◆ ACTIVITY:
Here is a listing. Write it all out again exactly, but not its pictures.

◆ DATA EXCERPT:
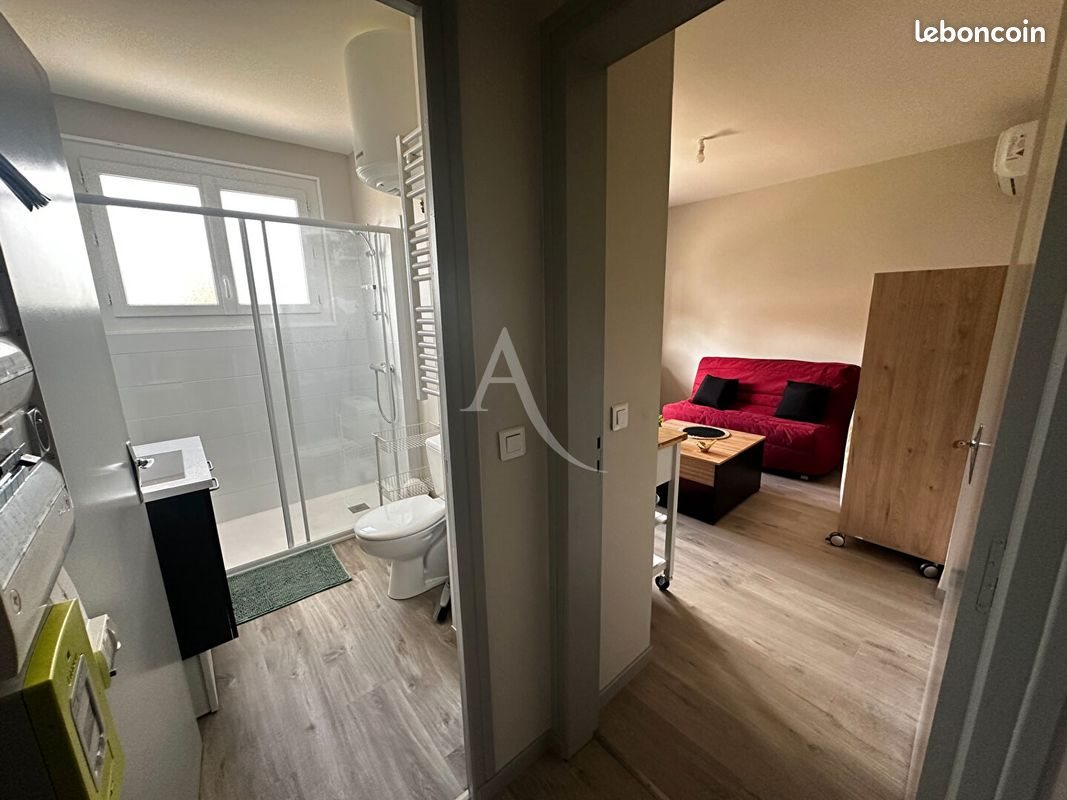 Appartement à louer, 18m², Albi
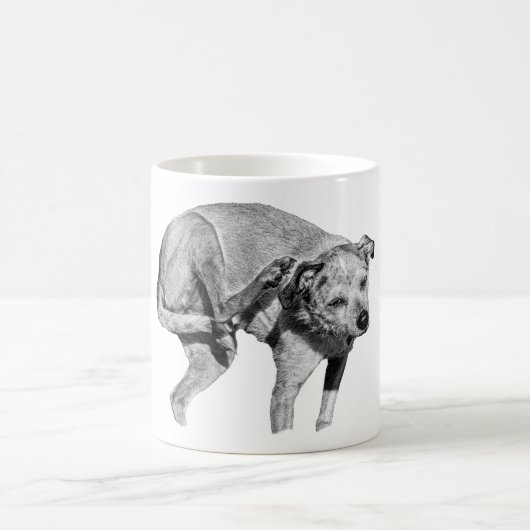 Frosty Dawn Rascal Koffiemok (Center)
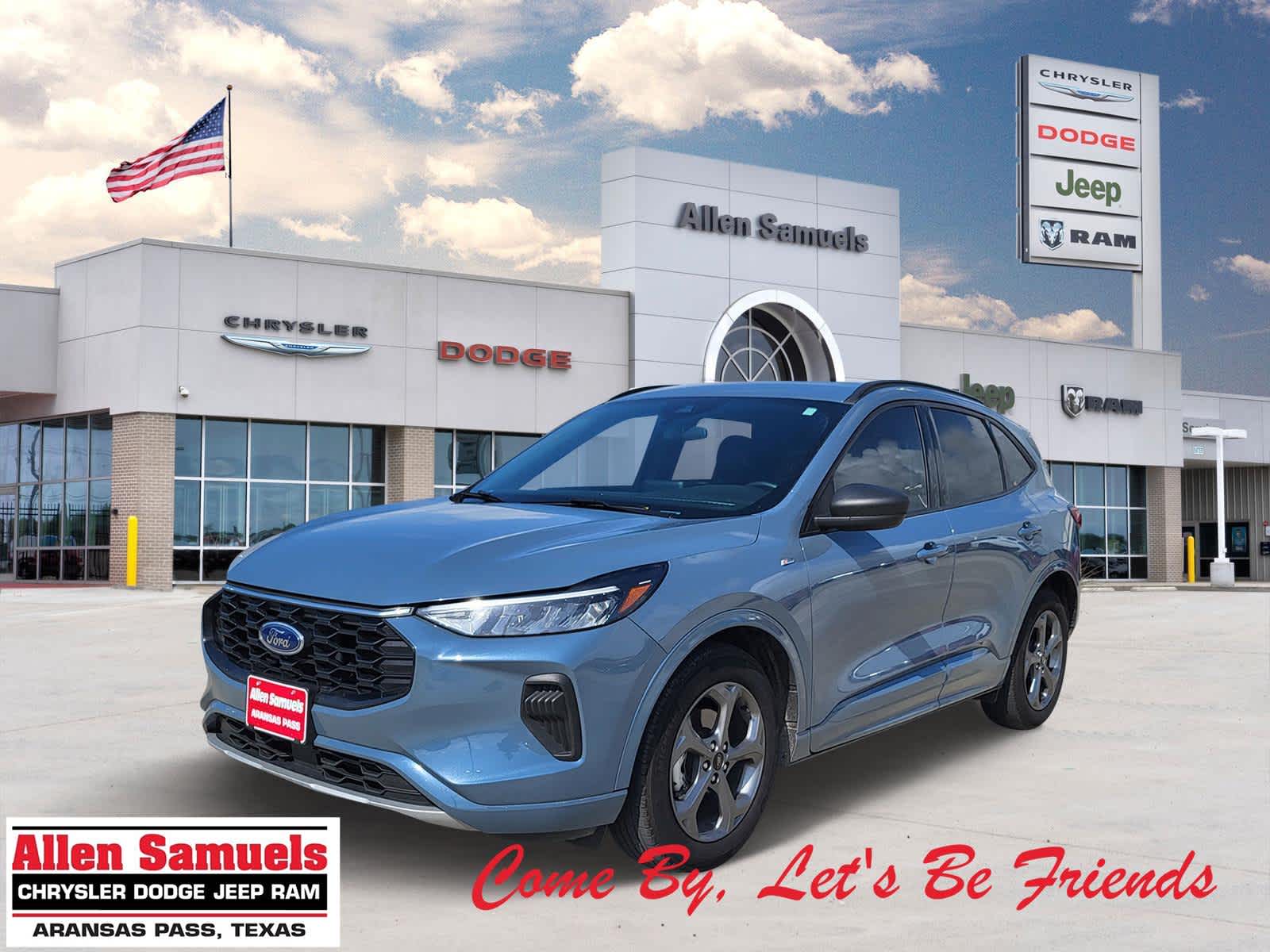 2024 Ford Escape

◆ REPLY:
 Appartement à louer, 18m², Albi
 Frosty Dawn Rascal Koffiemok (Center)
 2024 Ford Escape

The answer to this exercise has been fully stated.